While Salesforce started out mainly as a database, it's now an entire platform where not only store data, but also track business processes and workflows.
A benefit of this is that you have to manage less infrastructure yourself because Salesforce does that part for you.
Salesforce has started open sourcing some things—like the new Lightning interface is open source and you can see the css/html and related code.
- Non-profit success pack (aka Non-profit starter)
Takes the for-profit default setup of Salesforce and configures that to be more non-profit centric. For example, tracking households and donations rather than businesses and profits.
Question: How does Salesforce compare to donation platforms. Compared to some other donation platforms, Salesforce is more configurable, but then also takes more work to set up.
Question: What about NGO connect? This was a flop… Salesforce spent a lot of money on a product that didn't really meet organizations' needs. Salesforce as refocused and now put their support behind the non-profit success pack.
Question: Constituent stuff for non-profits? There about 5 different apps that do that. What about canvasing? No, nothing for that.
Question: Are there apps or companies that make apps that cater to non-profit needs.
Be cautious about what other software means when they advertise that they "integrate" with Salesforce. This might just mean that they dump data into Salesforce, which by itself isn't necessarily that useful.
Question: How can I be a saavy consumer of Salesforce vendors? Look for a list of consultants on Salesforce.org that specialize in non-profits (".org", not ".com"). Also, Power of us hub is a place where consumers of Salesforce products leave reviews and make recommendations, but requires having a Salesforce license to access.
- The Goat Farm
Underlying problem is that of this is still proprietary platform, with a proprietary app store, and Salesforce takes a cut of every transaction.

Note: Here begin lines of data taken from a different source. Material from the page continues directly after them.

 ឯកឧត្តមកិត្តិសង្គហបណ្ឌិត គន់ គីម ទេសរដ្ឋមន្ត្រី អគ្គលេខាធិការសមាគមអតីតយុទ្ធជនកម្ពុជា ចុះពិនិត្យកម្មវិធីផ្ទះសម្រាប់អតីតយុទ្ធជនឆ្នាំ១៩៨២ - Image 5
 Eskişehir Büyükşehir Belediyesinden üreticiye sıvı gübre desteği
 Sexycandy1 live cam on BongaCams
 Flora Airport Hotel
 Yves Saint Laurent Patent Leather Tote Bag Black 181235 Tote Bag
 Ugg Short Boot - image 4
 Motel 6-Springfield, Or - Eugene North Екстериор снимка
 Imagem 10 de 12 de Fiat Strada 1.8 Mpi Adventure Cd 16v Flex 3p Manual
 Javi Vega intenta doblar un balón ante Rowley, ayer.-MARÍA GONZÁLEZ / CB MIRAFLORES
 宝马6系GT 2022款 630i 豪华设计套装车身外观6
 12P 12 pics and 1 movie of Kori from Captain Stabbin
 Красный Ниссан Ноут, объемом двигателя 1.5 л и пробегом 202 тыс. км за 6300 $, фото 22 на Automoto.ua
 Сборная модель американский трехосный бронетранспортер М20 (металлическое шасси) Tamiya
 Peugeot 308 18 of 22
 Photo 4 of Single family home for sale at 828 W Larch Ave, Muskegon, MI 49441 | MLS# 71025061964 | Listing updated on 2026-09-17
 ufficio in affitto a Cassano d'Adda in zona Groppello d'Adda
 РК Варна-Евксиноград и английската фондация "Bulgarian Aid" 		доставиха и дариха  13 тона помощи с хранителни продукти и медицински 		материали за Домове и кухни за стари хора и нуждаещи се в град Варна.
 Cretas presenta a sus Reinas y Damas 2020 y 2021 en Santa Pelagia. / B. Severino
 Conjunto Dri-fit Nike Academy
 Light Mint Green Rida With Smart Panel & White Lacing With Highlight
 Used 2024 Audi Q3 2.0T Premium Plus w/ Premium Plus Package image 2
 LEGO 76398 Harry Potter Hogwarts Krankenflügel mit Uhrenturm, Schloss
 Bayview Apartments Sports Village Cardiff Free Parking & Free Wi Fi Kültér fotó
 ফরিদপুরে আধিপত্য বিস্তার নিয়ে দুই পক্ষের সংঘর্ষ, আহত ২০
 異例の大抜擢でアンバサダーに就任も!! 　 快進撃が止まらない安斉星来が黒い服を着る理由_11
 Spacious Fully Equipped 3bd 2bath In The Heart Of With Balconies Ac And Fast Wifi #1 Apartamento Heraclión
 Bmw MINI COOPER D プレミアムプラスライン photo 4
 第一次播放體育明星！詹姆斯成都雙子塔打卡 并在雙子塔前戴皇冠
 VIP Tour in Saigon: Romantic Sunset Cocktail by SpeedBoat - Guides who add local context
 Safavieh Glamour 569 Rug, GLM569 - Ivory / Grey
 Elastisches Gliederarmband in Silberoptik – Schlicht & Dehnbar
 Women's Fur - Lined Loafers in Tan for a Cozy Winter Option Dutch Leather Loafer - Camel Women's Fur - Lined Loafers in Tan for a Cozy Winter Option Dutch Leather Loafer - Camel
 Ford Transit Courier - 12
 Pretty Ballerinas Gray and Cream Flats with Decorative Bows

This reality has also stymied open source innovation on the platform.
Goat Farm is an organization working on building things that Salesforce.org isn't building.
Inspired by blockchain: prescribe a mechanism for organizing in a distributed, autonomous, decentralized way of building non-profit software.
Seed community is Salesforce, but the mission is broader than Salesforce.
Dash (in the cryptocurrency world) has a percentage of money that is redistributed to building the it's infrastructure and has strong governance around the project.
"The Goat Chain" is inspired by this model that allows people to put need/proposals out to the community where the community can upvote that proposal. Individuals who contribute to the project are rewarded with "goats" and then having larger say in what happens in the community.
Contributions can be code, but also documentation, videos, community events, etc.
Current ideas for process:
Community members put out projects, which have a goat value. Project proposers put up at least 10% of their goats against the project. Project implementers contact a project manager. Upon completion of the project, the project manager divides up the goats among the project implementers.
Goats are then used to vote on which projects will get done in the future.
There are current proposals created by the core team. It's being managed by a website, but not using blockchain, yet.
Working with colony.io to do this based on ethereum for a distributed server technology.